Homemade Lasagna ~ meat and cheese

Here’s the lasagna I mentioned yesterday in my basil post.  This came out very well.  I used a square pan so I needed to trim my noodles a bit and really only used 7; adjust pasta as needed for your pan size.  I really enjoyed the fresh mozzarella but any mozzarella will work.  Fresh mozzarella is a bit moister and softer than the pre-shredded type but both have their own charms so use your favorite or even an italian cheese blend if desired.

Meat and Cheese Lasagna

  • 1 pound ground beef or italian sausage
  • 1/2 tsp each salt and pepper; if desired
  • 1 jar spaghetti sauce
  • 9 lasagna noodles cooked according to package
  • 1 pound ricotta
  • 1/4 cup fresh grated parmesan cheese
  • 1 Tbs fresh basil
  • 1 egg
  • 12 o.z. fresh mozzarella

Cook meat and add salt and pepper if desired.  In small bowl combine ricotta, egg, basil, and parmesan cheese.

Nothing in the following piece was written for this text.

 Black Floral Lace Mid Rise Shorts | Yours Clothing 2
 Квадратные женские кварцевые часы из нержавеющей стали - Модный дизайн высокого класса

In bottom of oiled baking dish pour about 1/4 cup of spaghetti sauce.  Lay 3 noodles across bottom of pan ~ trim noodles if needed; I used a square pan so my noodles were a little long.  Layer 1/2 of the meat, 1/2 of the ricotta mixture, and 1/2 cup spaghetti sauce and about 4 ounces of mozzarella.

Repeat with next layer.  Lay final layer with noodles top with remaining sauce and mozzarella.  Sprinkle with additional parmesan if desired.